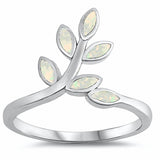 Leaves Leaf Ring Lab Created Opal 925 Sterling Silver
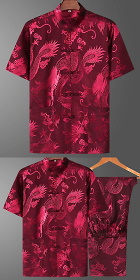 Shadow Dragon Jacquard Mandarin Suit (RM)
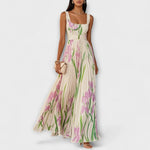 Isadora Nieves | Vestido largo de gasa de flores plisado con cinturón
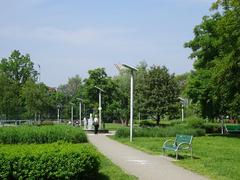 Park Zaczarowanej Dorożki in Krakow with a fountain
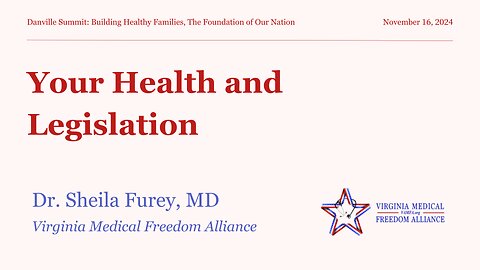 Your Health and Legislation with Dr. Sheila Furey, MD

□ □ □ □ □ □ □

TRY IT:
Here the job is to repeat the entries verbatim while leaving all pictures out.

SOLUTION FOR THIS TASK:
 Leaves Leaf Ring Lab Created Opal 925 Sterling Silver
 Shadow Dragon Jacquard Mandarin Suit (RM)
 Isadora Nieves | Vestido largo de gasa de flores plisado con cinturón
 Park Zaczarowanej Dorożki in Krakow with a fountain
 Your Health and Legislation with Dr. Sheila Furey, MD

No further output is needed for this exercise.